I’ve been known to bribe my son with soda to sleep in his own bed, and to ply him with lollipops while I’m trying on clothes in a dressing room. I’ve let him have things he otherwise shouldn’t if I’m in the middle of an important phone conversation. Or huffing and puffing on the treadmill at home. He has impeccable timing, that son of mine.
The writing thing is tough though, because I do it at home. And because I care more about sleep than I do my writing, I have never been one to able to get up at four a.m. or stay awake until the wee hours to write. So I have to squeeze it in when I can. During the vacations from school, it is usually in between a thousand interruptions from my son, as well as his friends.
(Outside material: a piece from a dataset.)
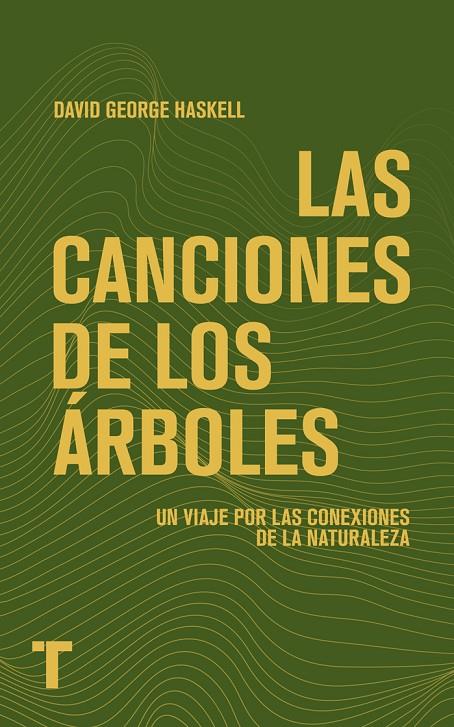 LAS CANCIONES DE LOS ÁRBOLES | 9788419539175 | GEORGE HASKELL, DAVID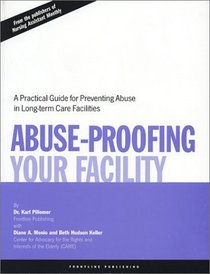 Abuse-Proofing Your Facility: A Practical Guide for Preventing Abuse in Long-Term Care Facilities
Here’s how it usually goes…
(Powers up computer)
Once upon –
“Mom, I’m hungry. Make me breakfast.”
“Your son won’t let me play his DSI.”
“The dog pooped in my room again, Mom.”
there was –
“Mom, what’s for lunch?”
a woman who –
“Hurry! Your son fell off his bike and he’s bleeding.”
dreamed of –
“Mom, I’m hungry. Can you make me dinner?”
“Can I have a sleepover at your house?”
to Hawaii –
I’m still hungry, Mom. Can you make me some popcorn?”
Sigh. Well, at least I got some writing done today.
(Shuts down computer)
I’d really love to know how in the hell other people do it.